Вытянул ноги. Они дрожали. Снова почувствовал усталость. Знал — у него нет больше сил. Так всю жизнь. Из месяца в месяц. Изо дня в день.
Был молодым врачом. Станешь врачом с опытом. Потом станешь старым врачом. Обязательно должен стать старым врачом. Никак иначе. А потом ты однажды умрешь. Когда ты умрешь, люди могут сказать, что у них был неплохой доктор. В этом вся штука. А ты был просто врачом. И всю жизнь лечил инфаркты. И твоя жизнь тебе ясна.
За все надо платить. За Карелина, и другого человека, и третьего. За все, что есть на земле. За все надо платить. Именно своею жизнью. И так будет всегда.
Дальний родственник
Весна. Конец апреля — а жарко! Это настоящая весна. Давно такой не было. И как тих и пуст город. Как прозрачен воздух. Никого не видно — лишь в конце моста торопится молочница. Блестят купола. От причала отходит теплоход «Короленко». Хорошо жить в маленьких городах — далеко видно с моста и некуда спешить…
— Ты погоди… ну… погоди ты, — задохнулся за спиной старик. — Все! Не могу!
Кошелев поставил чемодан и прислонился к перилам.
— Не могу… все! — еще раз выдохнул старик.
Он пришаркал к Кошелеву, поставил корзину, сел на чемодан и снизу вверх заискивающе посмотрел Кошелеву в глаза.
— Нам куда? — суетливо спросил старик.
— Еще далеко. В Замостье. Это пятнадцать минут. Ну, ничего. Спешить некуда.

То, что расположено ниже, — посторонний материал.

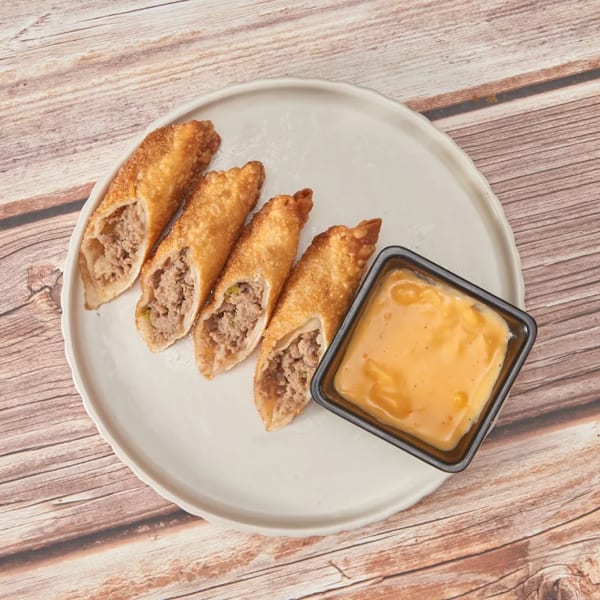 Four crispy egg rolls filled with ground meat, served with a side of orange dipping sauce.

Да, старик — это не лучший тетушкин подарок. Теперь он будет жить у Кошелева. Чужой старик. Чужой человек. Он так стар, что нельзя определить его возраст. Ясно, что старику давно за семьдесят. Трясущаяся голова, вспухшие вены. Руки дрожат — старость. Шамкающий рот, шаркающий семенящий шаг. Да, не было забот, так прислали старика.
Отдохнув, они пошли дальше. Долго шли, молчали. Вдруг старик забежал вперед и, мерцая голубыми выцветшими глазами, вскрикнул:
— Деревня… река такая… кусты тонкие… стреляли, — пронзительным голосом выдохнул старик, — жили-жили… хлеб да соль… ноги отрубили… другие дали, железные… с крестом, с цветочками синими, — вскрикивал старик, захлебываясь словами. — Написано на стенах: не бей своих… не бей чужих… а стреляли-то стреляли… а умереть так умереть, — и, рубанув воздух рукой, он засеменил дальше.
— Да-а, — протянул Кошелев. — Ну и ну, — и он долго качал головой.
Очень хороший подарок поднесла Мария Федоровна, свердловская тетя. Раньше старик жил у нее, еще раньше — у ее двоюродного брата Бориса, а где еще раньше — Кошелеву неизвестно. Ему также неизвестно, в каком он родстве со стариком. Считается, что он какой-то дальний родственник.
Месяц назад Кошелев получил длинное письмо от Марии Федоровны. Очень вежливое письмо. Тетя слышала, что у Гены комната сухая и теплая, и старичку нашему будет в ней очень даже неплохо. Конечно, жаль, что Гена поссорился с Тасей, но дело это молодое, временное, ведь милые, как голуби, поворковали и помирились. И ведь все люди должны помогать друг другу, не так ли? Ведь человек человеку друг, товарищ и брат, не так ли? Вот и Гена жил у нее после смерти матери, а на его ремесленную зарплату и пенсию за отца только буханку хлеба и можно было купить. По тем-то тяжелым временам. Но все-таки жили, плохо ли, хорошо, но жили.